Apart from the pictures, return every line of the listing exactly.

# Raw data
────────────────────────────────────────

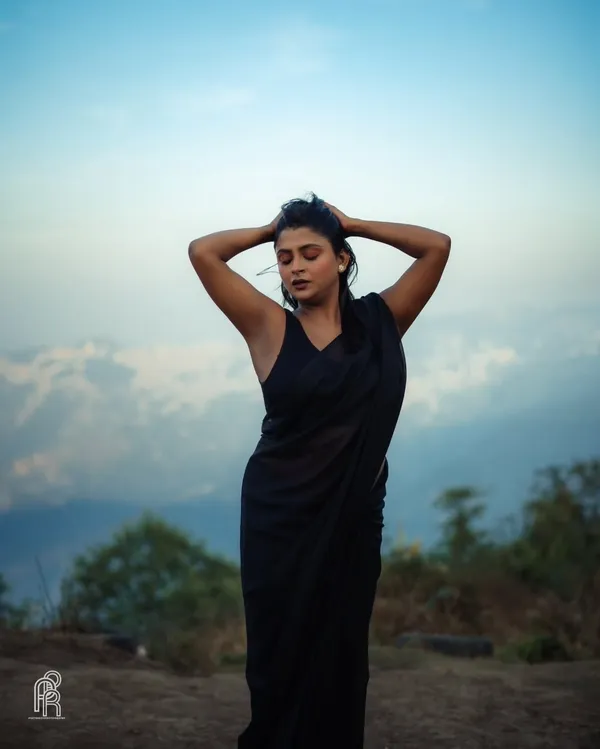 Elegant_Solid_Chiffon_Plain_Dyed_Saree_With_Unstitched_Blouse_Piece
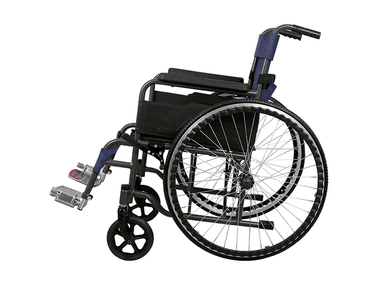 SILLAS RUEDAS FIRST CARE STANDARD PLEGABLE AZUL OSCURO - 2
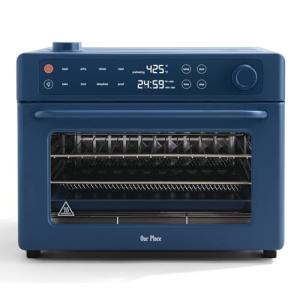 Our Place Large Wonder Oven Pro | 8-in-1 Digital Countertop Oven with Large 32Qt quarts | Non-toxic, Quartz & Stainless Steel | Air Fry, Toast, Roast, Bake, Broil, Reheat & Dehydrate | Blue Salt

────────────────────────────────────────

# Response area
 Elegant_Solid_Chiffon_Plain_Dyed_Saree_With_Unstitched_Blouse_Piece
 SILLAS RUEDAS FIRST CARE STANDARD PLEGABLE AZUL OSCURO - 2
 Our Place Large Wonder Oven Pro | 8-in-1 Digital Countertop Oven with Large 32Qt quarts | Non-toxic, Quartz & Stainless Steel | Air Fry, Toast, Roast, Bake, Broil, Reheat & Dehydrate | Blue Salt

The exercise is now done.